Учителя действительно ходили в обуви на мягкой каучуковой подошве, чтобы не стучать каблуками; иногда даже не слышали, как заходили учителя в класс, когда мы были все возбужденные и «на ушах».
Декорации были самодельные, собранные «наспех». Во время представления что-то падало, отваливалось, могли развалиться табуретка или какая-нибудь лавка, сбитые стекольными гвоздями из тарной дощечки.

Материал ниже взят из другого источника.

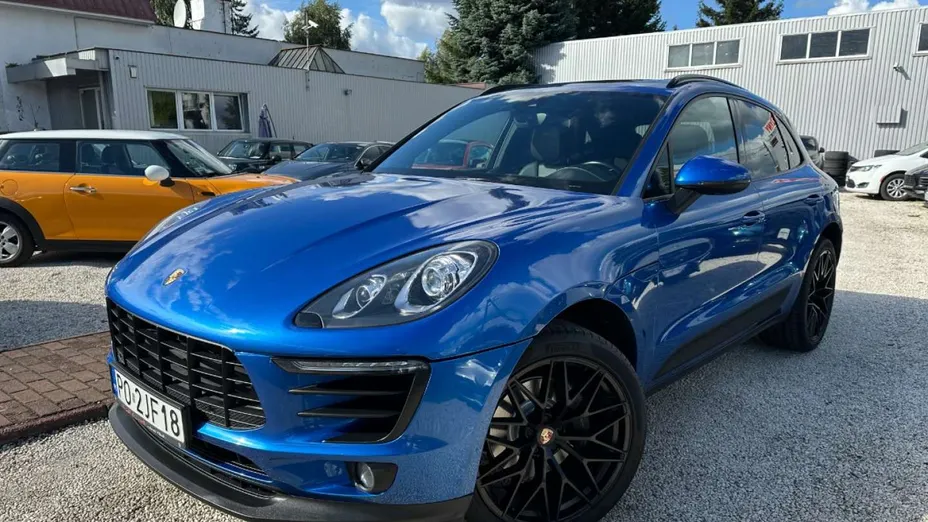 PORSCHE Macan -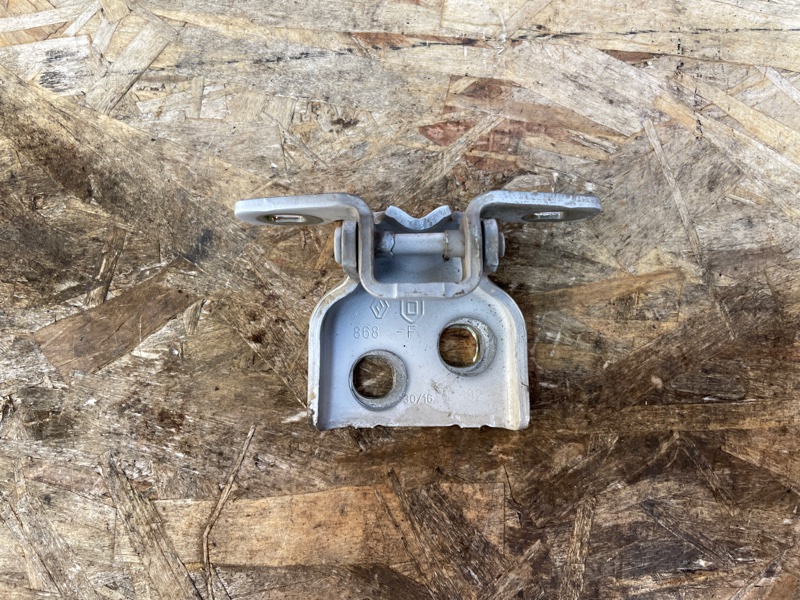 Петля двери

Действующее лицо оказывалось кверху ногами, кувыркаясь, из «драмы» переходило в «акробатический этюд», и не поймешь: то ли так задумано постановщиком, то ли это случайность, но все выглядело натурально и правдоподобно. Принимали участие в концерте хоровой и танцевальный кружки со своими программами. Елка и концерт проходили в спортзале, оборудованном одним «козлом» и десятью матрацами, обшитыми черной тканью, вместо «матов». Впоследствии, когда пошла в девятый класс, спортзал принял надлежащий вид: летом 1955 года отец с четырьмя столярами, за счет шахты, сделали «Шведскую стенку», бум, брусья, укрепили потолок, подвесили кольца и канат. Вместо подарков работал наш школьный буфет (учились в две смены), где можно было купить за чисто символическую цену: (за пятьдесят копеек на старые деньги, как в современных магазинах– все по одной цене и опять же за счет шахты) пирожок с ягодной начинкой, школьную булочку, морковную котлету, стакан «морса» или другого ягодного напитка, кусок пирога с картошкой и жареным луком, манный или пшенный биточек. (Деньги сменились в 1961 году).